2Pour autant, cette petite bibliothèque personnelle abrite quelques trésors: des ouvrages écrits par ses amis surréalistes – dont certains dédicacés par Antonin Artaud, André Breton, Pierre Mabille et Octavio Paz, entre autres4; une dizaine de ses propres publications; ainsi que de nombreux livres et revues sur les mythes et les civilisations des Amériques, sujet qui l’occupa de son exil au Mexique à sa mort5.
3La modeste bibliothèque de Benjamin Péret possède en outre des passages secrets. À la manière de la Bibliothèque de Babel de Borges, les anthologies de Péret sont des miroirs qui reflètent d’autres bibliothèques qu’il constitue progressivement, des bibliothèques virtuelles6 proposant une configuration significative du thème qu’elles recouvrent. Lecteur avide, Benjamin Péret consacrait beaucoup de temps à la recherche bibliographique. Dans ce cadre, l’anthologie était pour lui un exercice littéraire privilégié: au-delà de l’Anthologie de l’Amour sublime parue en 1956 et de l’Anthologie des mythes, légendes et contes populaires d’Amérique, publiée en 1960, il eut le projet d’une «anthologie internationale de l’athéisme»7 qui ne fut pas menée à terme.

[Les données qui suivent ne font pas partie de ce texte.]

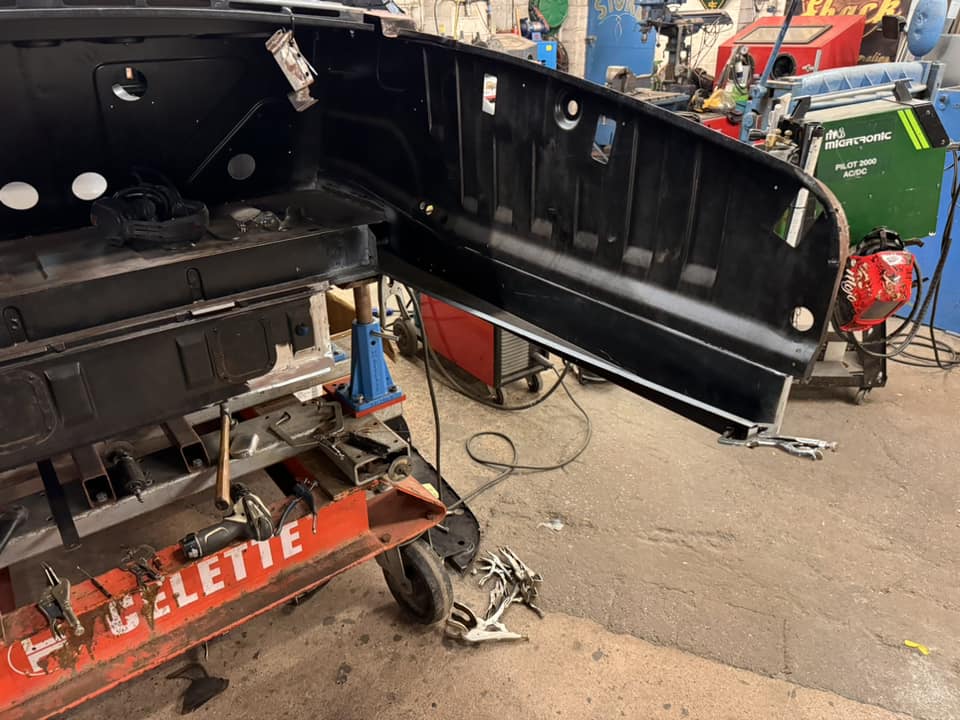 Celettegroup's tweet image. #Jaguar XJ6 up for complete top the bottom restoration. To make sure everything is perfectly aligned and fitted, they are using a #Celette #framemachine, which is designed to help restore the car&apos;s frame and body with great precision.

4Les anthologies de Péret ordonnent et donnent sens aux fragments, offrant tout à la fois une collection de textes et un parti pris poétique. De la même manière que l’Anthologie de l’humour noir de Breton, l’Anthologie des mythes, légendes et contes populaires d’Amérique fonctionne métaphoriquement8 comme une bibliothèque portable. Or ces anthologies surréalistes permettent de constituer une archéologie du mouvement: en remontant jusqu’aux temps précolombiens, Péret rapproche la création surréaliste de celle des anciennes civilisations du continent américain à travers l’expérience de ce qu’il appelle le merveilleux poétique.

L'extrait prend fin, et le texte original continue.